Assignment: In the records below, take the line with "Мормышка Wormix Столбик" and all lines after it, and copy them exactly, pictures excluded.

(Image-text web data)
* * * * * * * * *
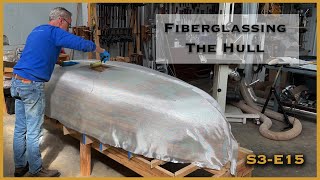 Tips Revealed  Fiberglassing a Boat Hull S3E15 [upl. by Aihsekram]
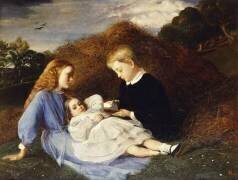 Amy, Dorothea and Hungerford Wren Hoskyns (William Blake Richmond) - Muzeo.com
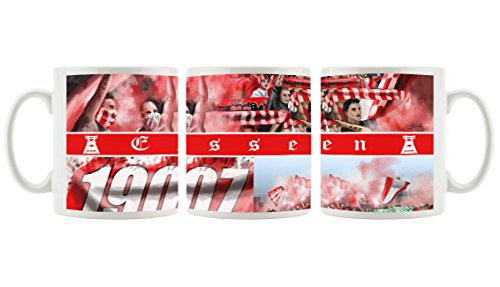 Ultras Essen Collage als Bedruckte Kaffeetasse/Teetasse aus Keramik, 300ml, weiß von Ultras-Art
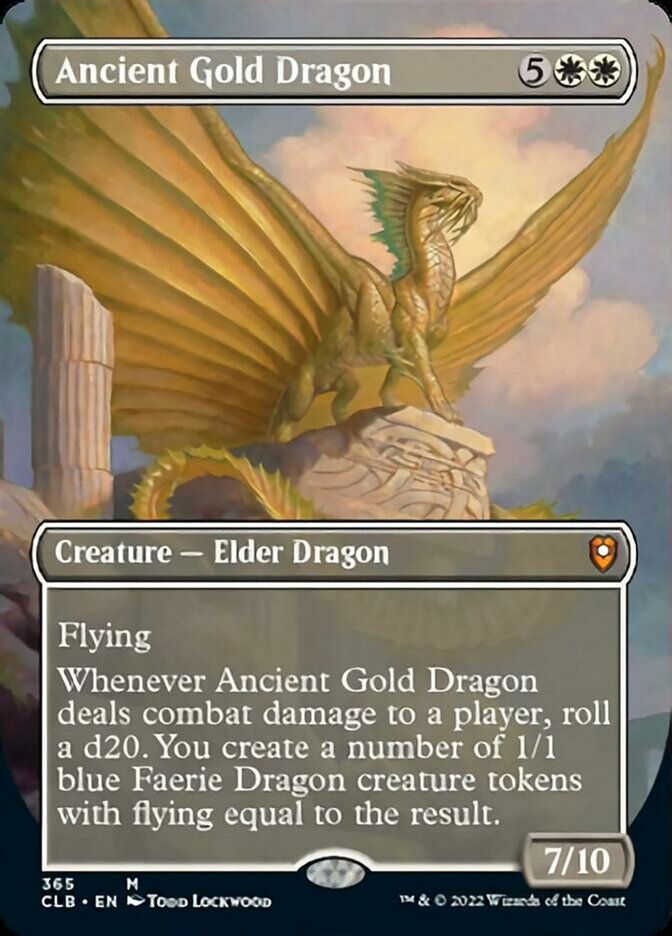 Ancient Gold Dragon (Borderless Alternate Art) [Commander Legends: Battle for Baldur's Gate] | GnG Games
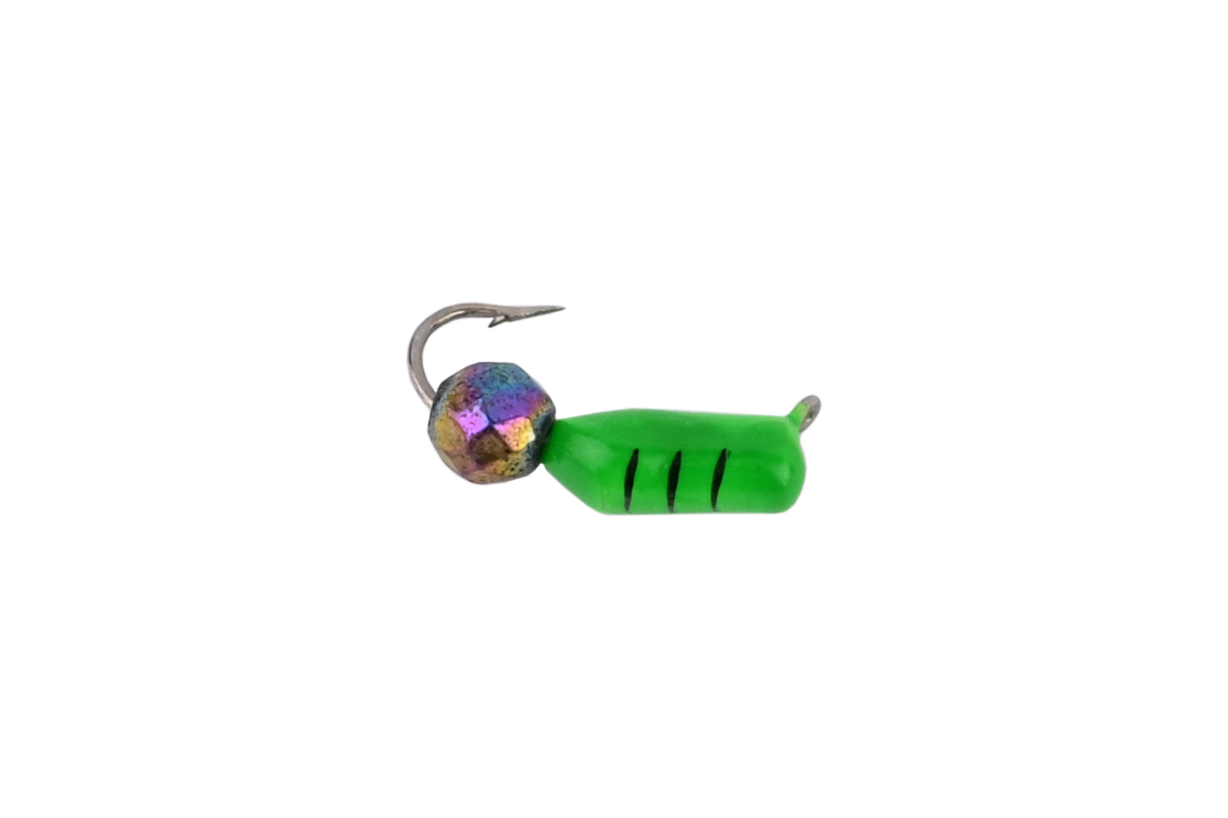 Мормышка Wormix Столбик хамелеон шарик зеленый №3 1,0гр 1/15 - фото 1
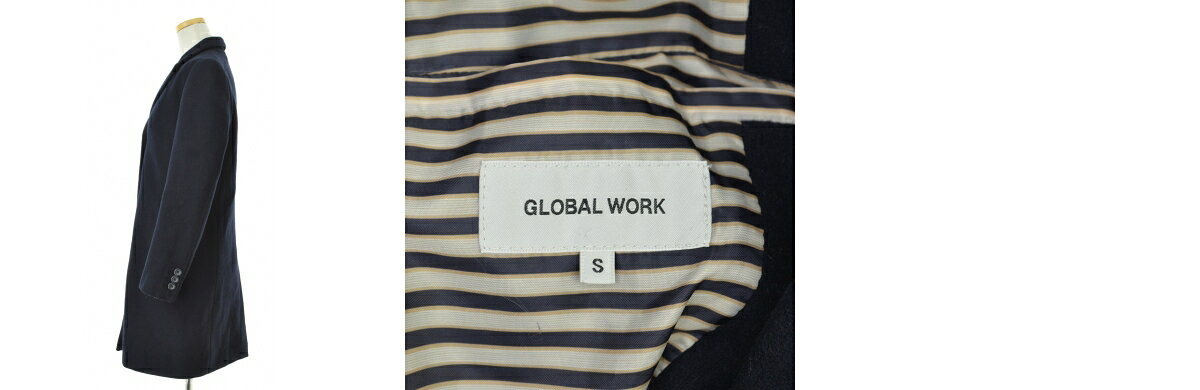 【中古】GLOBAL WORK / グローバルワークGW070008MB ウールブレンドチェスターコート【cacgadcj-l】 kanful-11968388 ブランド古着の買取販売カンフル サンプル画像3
* * * * * * * * *
Problem solution:
 Мормышка Wormix Столбик хамелеон шарик зеленый №3 1,0гр 1/15 - фото 1
 【中古】GLOBAL WORK / グローバルワークGW070008MB ウールブレンドチェスターコート【cacgadcj-l】 kanful-11968388 ブランド古着の買取販売カンフル サンプル画像3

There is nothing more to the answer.